Personal information
- Full name: William Reginald Taylor
- Born: 19 March 1908 Eaglehawk, Victoria
- Died: 5 August 1982 (aged 74) Kew, Victoria
- Original team: Williamstown
- Height: 173 cm (5 ft 8 in)
- Weight: 70 kg (154 lb)

Playing career^{1}
- Years: Club / Games (Goals)
- 1932–35: Williamstown (VFA) / 57 (6)
- 1936: North Melbourne / 03 (0)
- 1936–38: Williamstown (VFA) / 35 (1)
- ^{1} Playing statistics correct to the end of 1938.

= Reg Taylor =

Australian rules footballer, born 1910

William Reginald Taylor (19 March 1908 – 5 August 1982) was an Australian rules footballer who played with North Melbourne in the Victorian Football League (VFL) and Williamstown in the Victorian Football Association (VFA).

==Family==
The son of Thomas Edgar Taylor (1885-1931) and Ildica Eunice "Hilda" Taylor (1889-1953), née Phillips, later Mrs. William Robert Keam, Williams Reginald Taylor was born at Eaglehawk, Victoria on 19 March 1908.
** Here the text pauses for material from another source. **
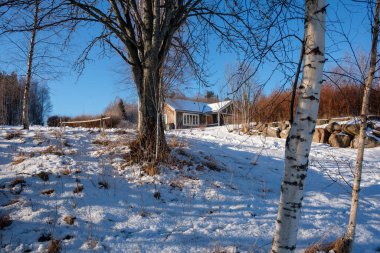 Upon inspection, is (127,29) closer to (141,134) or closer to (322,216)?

Taylor married Dorothea (a.k.a. Dorothy) Helen "Dossie" Reid (1910–1965), later Mrs. Maximillian Mackrill, on 11 June 1929. They had two children together. They separated in 1936, and divorced in 1940.

He married Veronica Therese Kavanagh (1920–1984) in 1941.

==Sprinting==
Taylor was a sprinter who competed in professional races in the early 1930s, including winning the Bruthen Gift in 1933.

==Football==
Taylor commenced his senior football career with Williamstown in 1932 and playing mostly in the centre he established himself as a key member of the side, being appointed as vice-captain in 1935.

In 1936 Taylor transferred to North Melbourne and played the first three rounds of the season but was then dropped to the reserves. In July he transferred back to Williamstown where he played until the end of the 1938 season.